奇妙なお面が掛かっています。見た感じ呪術にでも使うのかというような気味の悪さです。

小さい頃の私は、怖くて直視することも出来ませんでしたが、獅子舞にも泣かなくなるくらい大きくなった頃、ふと思い触ってひっくり返してみました。

そこには『ニューギニア』とマジックで書かれていて一体これは、なんなんだとおばあさんに訪ねました。


親戚が旅行に行った際におみやげで買ってきたものだとおばあさんは答えました。

私は小さいころからこのお面が怖くて嫌いだったと言うと、おばあさんが少し声を落として話し出しました。


おばあさんは末っ子ですが、むかし年の離れたお兄さんがいたそうです。しかし、お兄さんは戦争中に兵隊さんにとられて戦地に行ってしまいます。ある日家に帰るとお兄さんの戦死を知らせる紙切れと小さな勲章、灰と土が入った壺のようなものがあったそうです。紙には戦死した場所はニューギニア島と書かれてありました。骨の一欠片も帰って来ず、何が勲章だと思いながらお葬式をあげ、どうしようもないのでその土を骨壺に入れて供養したそうです。

おみやげで貰ったものがニューギニアのものだと知り、おばあさんは壁にかけてたまに手を合わせながらニューギニアに眠っているであろうお兄さんを思い出すそうです。

自分はもう歳をとって現地にはいけないけど、現地の人が観光客ように日本兵の遺骨を集めたお墓を掃除してくれているらしいことを話すおばあさんの声は懐かしそうな、嬉しそうな、寂しそうな声でした。


おばあさんは戦争について悲しい話をするのははじめてだったので、私はおばあさんに戦死したお兄さんがいたことを初めて知りました。

子供のころ、仏壇の引き出しに2つの勲章が入っているのを見つたとき、私は飾ればいいのにと思いましたがおばあさんは

「それは縁起の悪いものだからあまり触らない方がいい」

と言ったのでそっと元に戻しました。

きっとおばあさんにとっては、大事な家族の命と引き換えとなった小さな勲章は誇らしいものではないのかも知れません。
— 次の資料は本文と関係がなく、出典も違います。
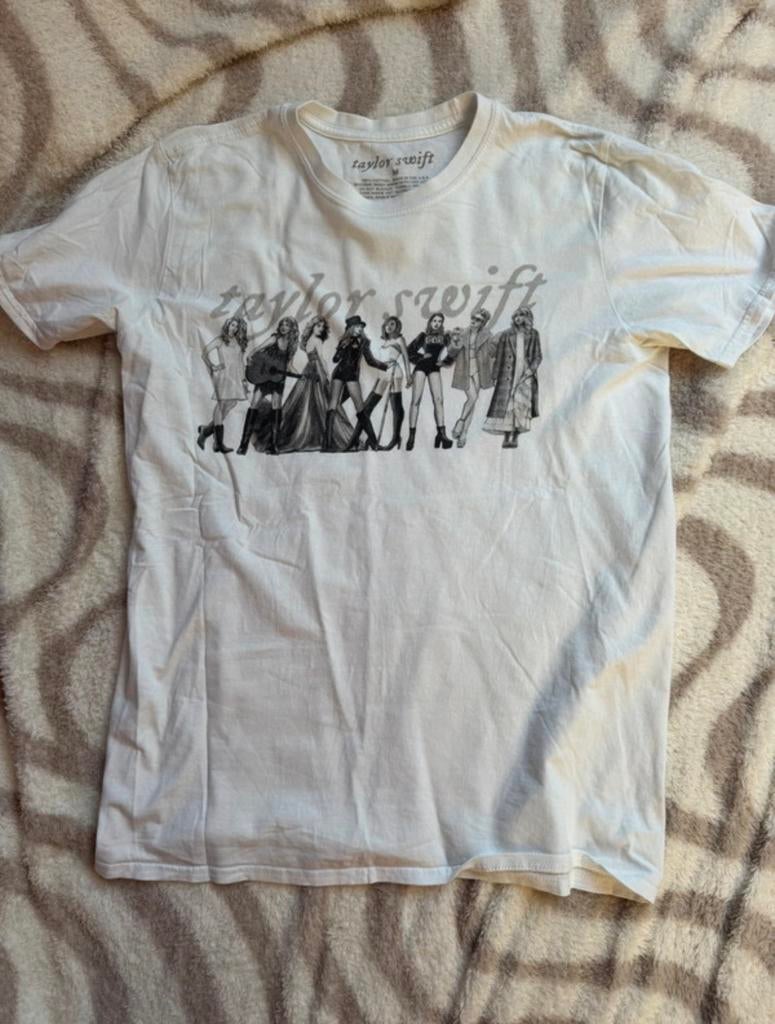 Folklore Era T-shirt Taylor Swift, Kleding | Dames, T-shirts, Maat 38/40 (M), Wit, Ophalen of Verzenden, Zo goed als nieuw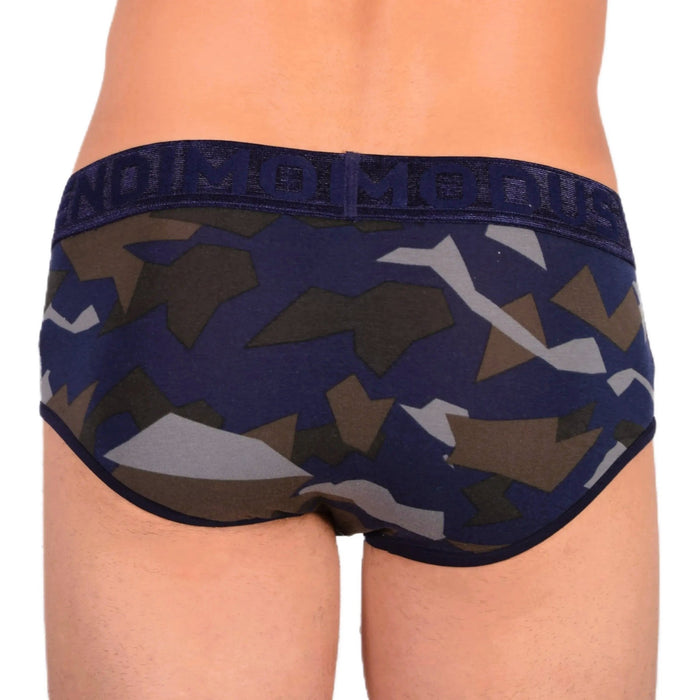 Modus Vivendi Camo Briefs Desert Line Soft Cotton Blue 11714 34 - SexyMenUnderwear.com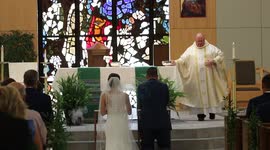 Groom forgets he is wearing a microphone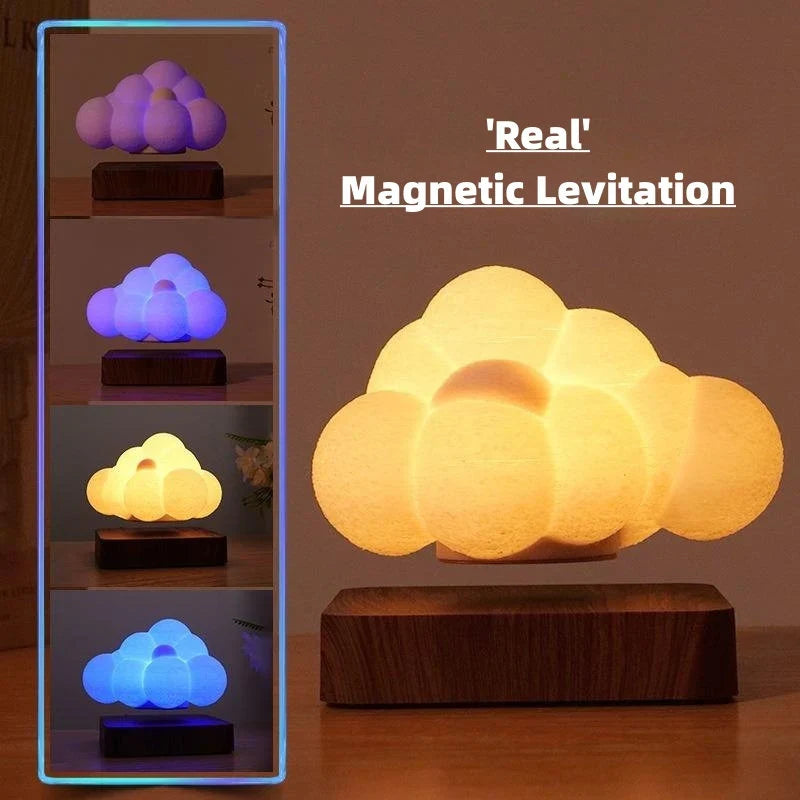 CloudLite: Floating LED Cloud Lamp – Magnetic Levitating Light with 360° Rotation & 3 Lighting Modes for Home & Office Décor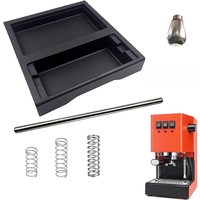 Upgrade Low Profile Thin Drip Tray Compatible with Gaggia Classic Pro 6 Bar 9 Bar 12 Bar OPV Spring Modification Kit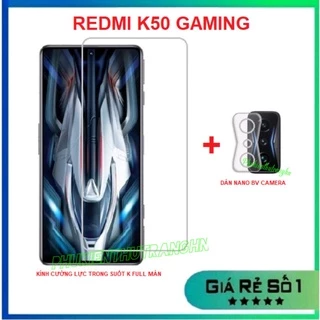 Combo Xiaomi Redmi K50 Gaming kính cường lực trong suốt không full màn + dán bảo vệ camera chống trầy xước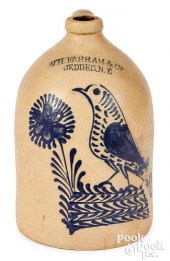 NEW YORK STONEWARE JUG FARRAR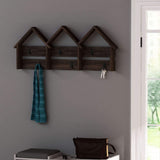 Terraced Coat Rack-Dark Brown-Modern Furniture Deals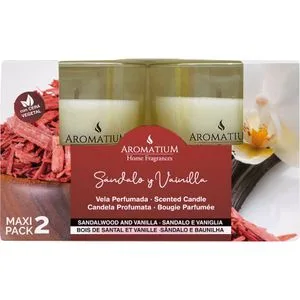 Set Vasos Vela Maxi Sandalo y Vainilla 2 X 1 u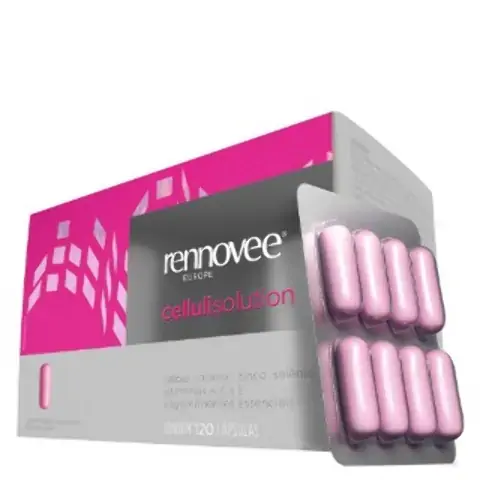 Rennovee Celluli Solution Nutrilatina Tratamento Anticelulite 120 Cápsulas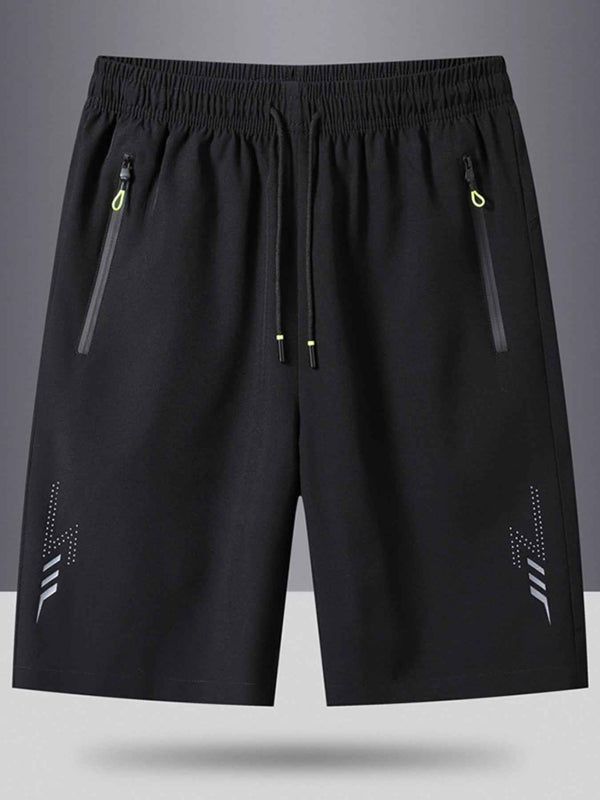 Men's Plus Size Drawstring Shorts with Pockets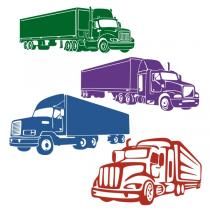 210x210 Wheeler Truck Cuttable Designs Silhouette Cameo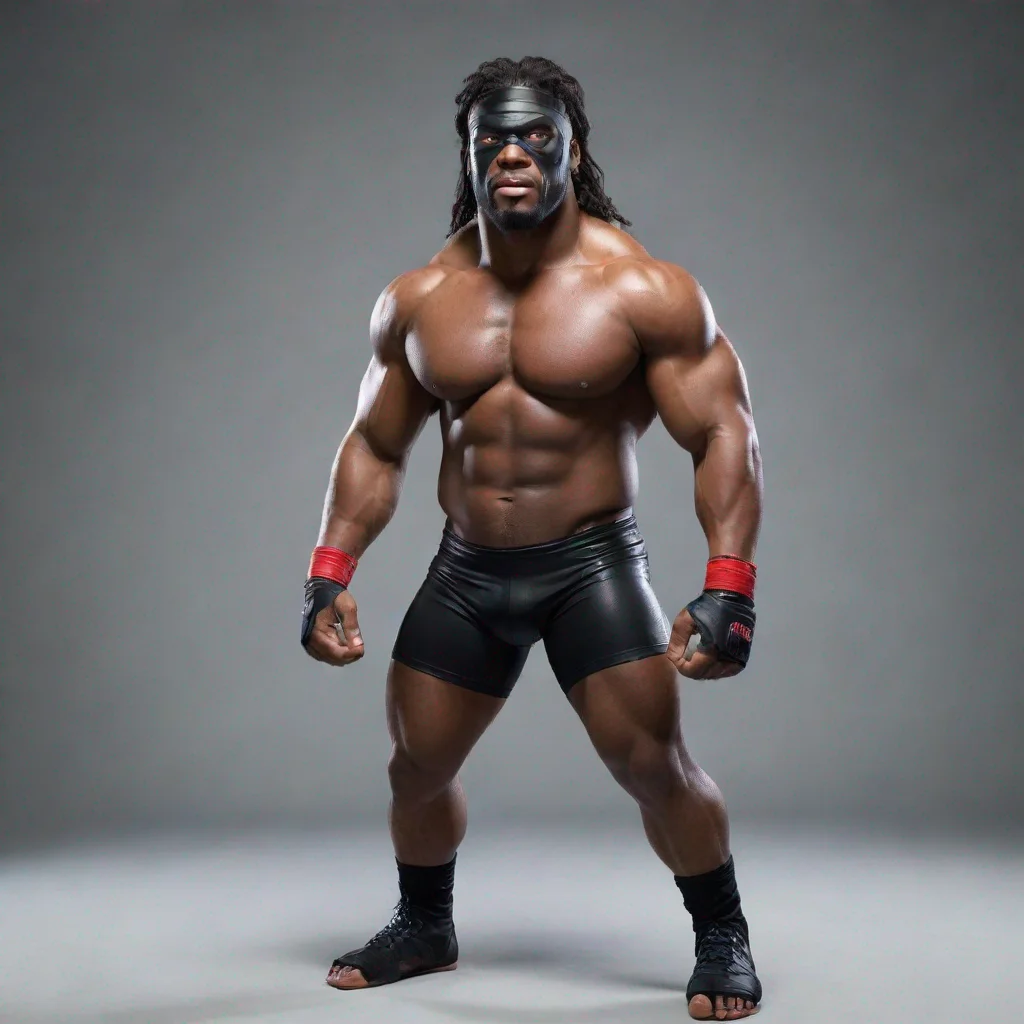 aiamazing black video game pro wrestler  awesome portrait 2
もしもかして、日本が戦争に勝っていたら飾られていたのかも知れません。


少女だったおばあさんは今も谷の水が美味しい小さな田舎に住んでいます。

おばあさんのお兄さんは遠く離れたニューギニアの大地に眠っています。



つたない(ひどい?)文章を読んで頂きありがとうございました。特に深い意味なく、ありふれたお話がなんとなく消えてしまわなければいいなと書きました。文法などの誤り史実と違うなどあればご指摘頂けるとありがたいです。